John Howarth (British politician)
Quick Facts
Biography
John Howarth (born 31 October 1958 in Newcastle upon Tyne) is a British Labour Party politician, and member of the European Parliament (MEP) for South East England.
He was educated in Gateshead at Highfield Comprehesive School and at the University of Essex where he read Economics. He started his career as a Labour Party official, then working in the Information Technology and Communication Design. He spent 11 years as a Councillor serving on Berkshire County Council, Reading Borough Council and the South East England Regional Assembly.
Howarth succeeds Anneliese Dodds who had represented the seat since the 2014 European Parliament election until she was elected as MP for Oxford East in the 2017 General Election.
Early Life and Education
His father, also John Howarth, worked in the coal industry first as a footplateman and later as a traffic foreman on the Bowes railway. His mother Freda Howarth (Robinson) was the daughter of Joe Robinson, a pit deputy at Heworth Colliery. Joe had served in the Northumberland Fusileers Regiment in the First World War and was wounded at Passchendaele (Third Battle of Ypres). During the Second World Ward Freda was an industrial conscript working as a welder in munintions production. John Howarth cites his Grandfather as particularly influential on his early political thinking.
He grew up on the Ellen Wilkinson Estate, a 1950s Council housing development now part of Gateshead Borough and attended Wardley Infant and Junior Schools and Highfield Comprehensive, a purpose-built comprehensive school that opened in 1970 on the abolition of selection at 11 plus. The school was later to be re-named Thomas Hepburn Community School. He studied Economics at the University of Essex and after graduating gained a Master's degree in the History and Theory of 20th Century Art. His MA thesis was on work of the German Director, Werner Herzog.

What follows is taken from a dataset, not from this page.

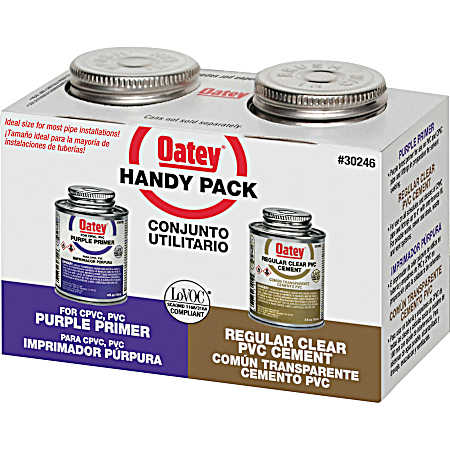 Handy Pack 4 fl oz CPVC & PVC Primer & Cement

He became involved with Labour Party during the February 1974 General Election which his father was on strike. He continued to be involved with Labour election campaigns in October 1974 and the Newcastle Central By-election of 1976 before university. In student politics he became National Secretary of Labour Students. On leaving the Student World in 1982 Howarth became a Labour Party constituency organiser in Basingstoke and Secretary of the Hampshire County Labour Party.
Working Life
Having progressed to Labour's Southern Regional Office (covering what is now the South East Region) he left Labour's staff in 1988 to work in the private sector and settled in Reading. He joined an SME providing software and IT solutions working on marketing communications eventually becoming Director of Marketing and a Partner. In 1995 he founded his own business providing marketing consulting services and later brand, design and business communications. He became a member of the Chartered Society of Designers and also worked in public affairs.
Local Government
In 1990 he became Chair of the Reading Labour Party which encompassed both of the town's parliamentary constituencies and the Reading local government functions. In 1993 he contested Redlands Division on Berkshire County Council, winning the seat comfortably. On the County Council he served as Chair of the Transport Committee and later as Vice-Chair of the Environment Committee as part of the Labour-Liberal Democrat Administration. Howarth was a strong advocate of the abolition of Berkshire County Council and its replacement with Unitary local government. He served five years on Berkshire until it was dissolved in April 1998. He stood down as Chair of Reading Labour Party in 1994 and became its Press Spokesman, a role he carried out for the next ten years. In 2001 he was elected to Reading Borough Council, by now a unitary council, for Park Ward and was re-elected in 2004. Serving for a year as Deputy lead on sport and cultural services, he became Cabinet Member responsible for Transport and Strategic Planning and was appointed to the South East England Regional Assembly. He became a member of the UK Government's Regional Transport Board for the South East, the Joint Regional European Committee, the Regional Planning Committee and the Berkshire Join Strategic Planning Committee. Howarth was also Chair of the Reading Station Project Board, which brought together stakeholders in the successful bid to attract funding for the expansion of the Great Western mainline at Reading Station. In 2007 he stood down from the Council.
European Elections
In 1994 John Howarth was Labour Candidate for the Thames Valley coming close to unseating the Conservative MEP in what was not regarded as a Labour target. He contested South East England as a member of the Labour list at the first election using the proportional representation in 1999. In 2013 he put himself forward for the South East Region once again. The ordering of the list was determined by ballots of Labour members - one male and one female. John Howarth won the male ballot and was placed second on the list, the decision having been made prior to the selection that the winner of the female ballot would be top of the list.
In the 2014 European Elections Labour fell short of the necessary share of the vote to secure two MEPs in the Region. Anneliese Dodds, who had been placed first on the Labour list, represented the seat until 9 June 2017 when she was elected as MP for Oxford East in the 2017 General Election.
Work in the European Parliament
He serves as a full member of the European Parliament's Budget Committee and as a substitute member of the Regional Development Committee. He is a member of the Parliament's Delegation to Cariforum and is a substitute member of the EU-former Yugoslav Republic of Macedonia Joint Parliamentary Committee.
Personal life
John Howarth is married to Jane Coney, a designer. He has two children from his first marriage. and a step daughter. John enjoys cooking, digital art, swims and plays golf. He has followed Newcastle United since boyhood but came to follow Reading F.C. as his "second team".